For just the second level BTB, the upper bound of that guess with 8K divided by the scale factor ~263 gives us ~31. Which means that an 8K table shrunk from the P5's process would be 31 times smaller.
8K is 32 times larger than 256, the size of the P5's predictor.
The lower end of the estimate is 2K, which is 1/4 the upper bound.
Luckily, we have 4 cores. It's possibly close to even, or possiby four times higher going by the large 2nd level predictor alone.
It doesn't seem likely that Nehalem would lag K8, which already has 2K entries.
It's the same with x86 decoders. They haven't really gotten all that much bigger. And while Core i7 has 16 of them, P5 had only 2 (and Larrabee should have 64).

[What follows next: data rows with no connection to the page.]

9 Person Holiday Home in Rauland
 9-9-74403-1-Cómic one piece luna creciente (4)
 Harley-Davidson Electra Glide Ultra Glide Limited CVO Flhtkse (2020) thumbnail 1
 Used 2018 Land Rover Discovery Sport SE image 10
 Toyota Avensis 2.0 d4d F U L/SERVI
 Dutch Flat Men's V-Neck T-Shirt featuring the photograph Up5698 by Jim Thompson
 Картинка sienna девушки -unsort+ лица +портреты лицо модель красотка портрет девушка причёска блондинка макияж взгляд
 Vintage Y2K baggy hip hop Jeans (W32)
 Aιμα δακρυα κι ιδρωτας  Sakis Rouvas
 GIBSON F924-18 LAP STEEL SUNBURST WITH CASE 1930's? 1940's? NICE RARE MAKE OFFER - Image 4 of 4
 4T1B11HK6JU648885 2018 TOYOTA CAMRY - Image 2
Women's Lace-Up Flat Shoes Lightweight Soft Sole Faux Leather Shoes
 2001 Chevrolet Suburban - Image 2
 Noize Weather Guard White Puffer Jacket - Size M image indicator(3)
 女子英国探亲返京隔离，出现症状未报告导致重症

I don't know of any numbers that would hint at the overall growth like there are for things like BTBs.
I do know that not everything involved in superscalar decoding scales linearly, especially not for variable-length ISAs.
K8 as an older example, has a pre-decode stage needed to resolve instruction lengths in its 16-byte instruction fetch, which involves 16 parallel predecoders for a 3-issue architecture.
In addition, every byte in the instruction cache is accompanied by an additional 3 bits for stored pre-decode information, a near 50% increase in the number of bits per cache line.
I'm not sure P5 needed to bother with this.
i7 also has the additional burden of generating the micro ops that result from the decoders and all the additional bitwork needed for that.
This didn't happen until the PPro, so both P5 and Larrabee are probably slimmer as a result.
I'm not sure. On the CPU side, Hyper-Threading is helping keeping the pipelines full after a branch. And on the GPU side, not speculating anything means they have to keep all intermediate results in registers and make sure they have plenty of other work to do.
SMT isn't the same as speculation, it's going past branches, possible exceptions, and unresolved memory addresses where the chip must reverse or discard calculations that is speculation.
Can you clarify what the exact difference is?
Any register value that is stored in a program is going to be stored by either a non-speculative or speculative processor.
Do you mean that a speculative processor tends to spread this out in time, while a non-speculative one does it all at once?
For developers it has become increasingly more difficult to avoid stalls when latencies are so high. So even when theoretical efficiency should be excellent, in practice it can decimate due to dependencies. Speculation is not as bad as it sounds, when you have a 99% hit rate and it makes your register file smaller and avoids stalls...
As far as speculation goes, for i7, there is a 16-stage pipeline for a 4-wide processor. That means up to 64 instructions can be decoded and issued in a sustained fashion (peak is higher) before a branch is resolved.
The quoted error rate for OoO chips is about 30%. That's 30% of full execution wasted, and 30% of wasted execution that the power-saving logic is fooled into running at peak.
Larrabee is far milder. It might have at most 10 instructions in flight, and the error rate is probably lower because it stalls much more often.
Larrabee also keeps branch prediction in the realm of the x86 side. There are no vector branch predictors, for example.
Wide non-speculative processors have their own problems, particularly with wide vectors. There, the execution is over-determined, but it is usually much clearer to the silicon where it can save power.